Corker correct to urge Egypt ‘recalibration’
U.S. Sen. Bob Corker is right in insisting that the United States “recalibrate” its aid to Egypt.
The Tennessee Republican, ranking member of the Senate Foreign Relations Committee, stated his position Sunday on ABC’s “This Week with George Stephanopoulos.”
As violence rages on Egyptian streets, some U.S. officials have called for the suspension of all military aid to Egypt. That would be short-sighted. It would neither be in the best interest of the U.S. nor resolve the crisis in the Arab world’s most populous and culturally influential nation.
Since the army overthrew the government of Mohamed Morsi, the U.S. has signaled its concern by postponing delivery of four F-16 fighter jets and opting out of a joint military exercise. But the $1.5 billion in U.S. aid to Egypt is still on track.
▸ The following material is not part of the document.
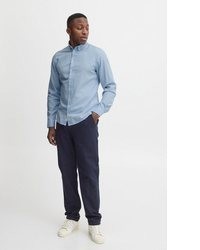 hellblaues Chambray Langarmhemd von CASUAL FRIDAY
As Corker pointed out, some suspension of some aid is inevitable. But he also noted it’s important that lines of communication be kept open. The U.S. has sound reasons for continuing to provide strategically targeted aid to Egypt.
It’s a simple matter of fact that most of this year’s aid has been already been committed. Much of the rhetoric from Washington at this point is largely symbolic. It’s not like the U.S. is writing a check to Egypt. The great majority of the aid money stays in the U.S. where it goes to the military contractors that manufacture the M1A1 tanks and F-16 fighters sent to Egypt.
Some jets and tanks are simply kept in storage. Why? Because Egypt doesn’t need them.
The only regional power that could engage in an air or ground war with Egypt is Israel. It’s no coincidence that Egypt is the only Arab country with a peace treaty with Israel — another reason the U.S. needs to calibrate its response.
Which brings us to another point. Much has been made about the Muslim Brotherhood winning a democratic election. Let’s get this straight.
It was not the Muslim Brotherhood that engineered the 2011 revolution that overthrew Hosni Mubarak. Mubarak was forced out by a coalition of secularists, moderate Muslims, Coptic Christians and others opposed to the autocratic regime that was unable to stem the country’s economic slide.
The Muslim Brotherhood won the election — by a small margin — because it was tightly organized and ruled from the top. Its recent claims to be committed to democracy are belied by its history and autocratic governance. Its very name reveals its true intent. The Muslim Brotherhood represents one religion — albeit an extremist strain of that religion — and confers all power to a single gender.
Corker said a suspension of some aid should provide an opportunity for the U.S. “to recalibrate and look at what is our national interest.” That’s a responsible strategy.